The Eastman Free Press
Providing owners with the information they need to make informed decisions.

Friday, September 5, 2014

Another Commitment Not Kept

As an earlier article pointed out (See http://eastmanblog.blogspot.com/2014/08/commitments-not-kept.html) looking at how Eastman is actually managed, is information one should have before borrowing more money.
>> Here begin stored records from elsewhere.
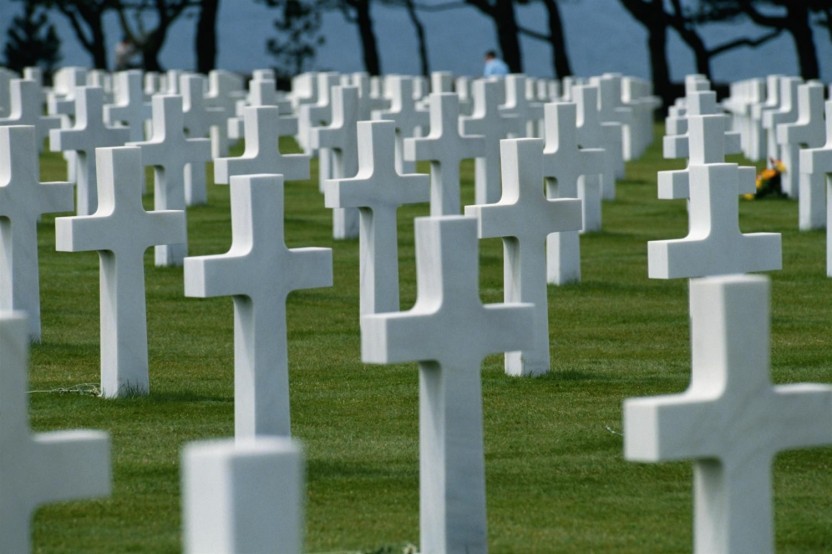 Normandy D-Day Landing Beaches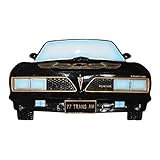 Pontiac 1977 SE Trans AM Key Rack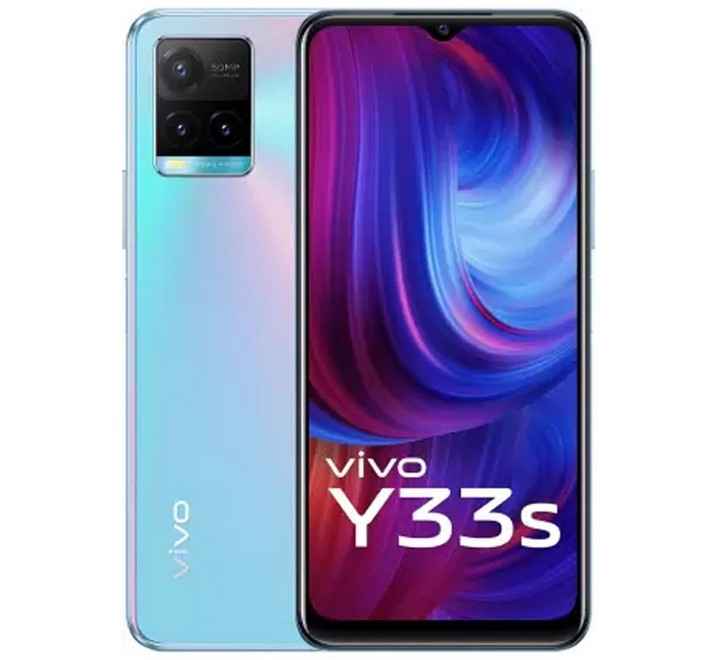 Vivo Y33s (Middday Dream 8GB RAM 128GB Stoarge) (Y33S 8/128GB DREAM)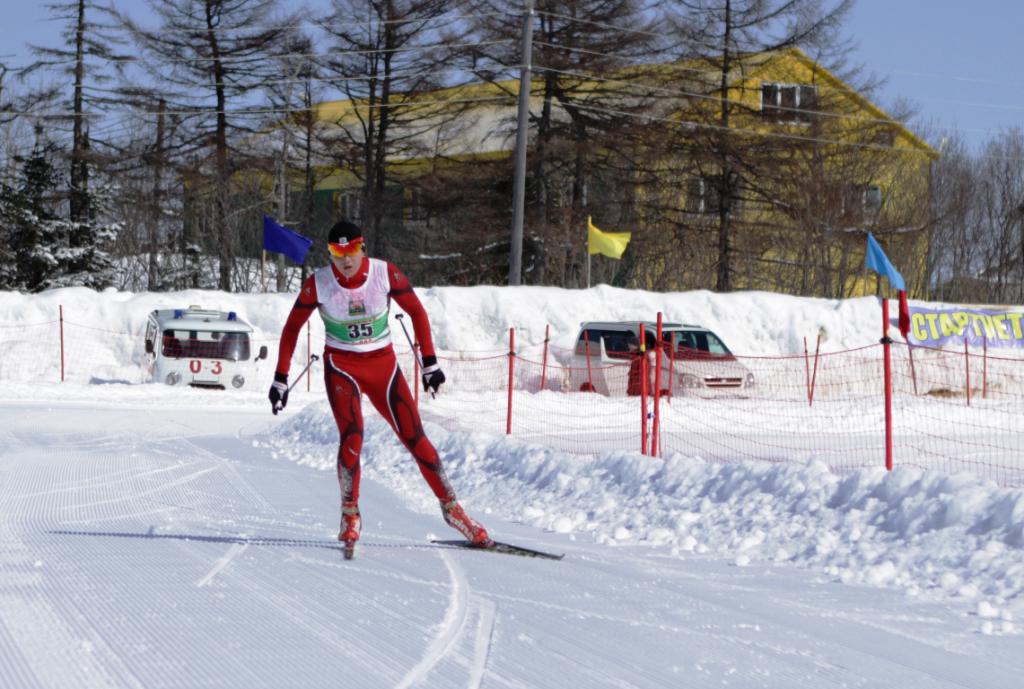Праздник лыж в Охе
Another contribution from a Blog Reader: 

In 2004 the Board received a Reserve Budget analysis, from Noblin & Associates.  The results were used to support a significant increase in the annual Capital Assessment.  The Board justified adopting increased assessments by showing that over the years the Reserve Capital Fund would grow to many millions of dollars, which would then be available when major repairs (to roads, buildings, etc.) or replacements (South Cove, etc.) were expected.  It seemed to the community to be a responsible approach to making sure that it would not be hit with a huge bill down the road. 
 Did the Board keep its promise to build a comfortable capital cushion?  You be the judge.  
The reserve fund balance was $775K in February 2004, but declined to $725K by March 2013.  In the same time span the annual capital assessment increased from $517 to $1151 (including $250 special assessment).  Not only did the fund fail to increase by $5-7 million, but in 2016 we’ll have to refinance $840,399 on The South Cove loan.  In the meantime the Board has added the $5,000 new owner Fee which in FY14 produced $347K!  Yet another opportunity lost to augment the Capital Reserve Fund, or at least pay down the loan on South Cove.
 The Board hasn’t kept their commitment to create a substantial capital fund to cushion major expenses.  So, what grade do you give the Board for managing Eastman’s Capital?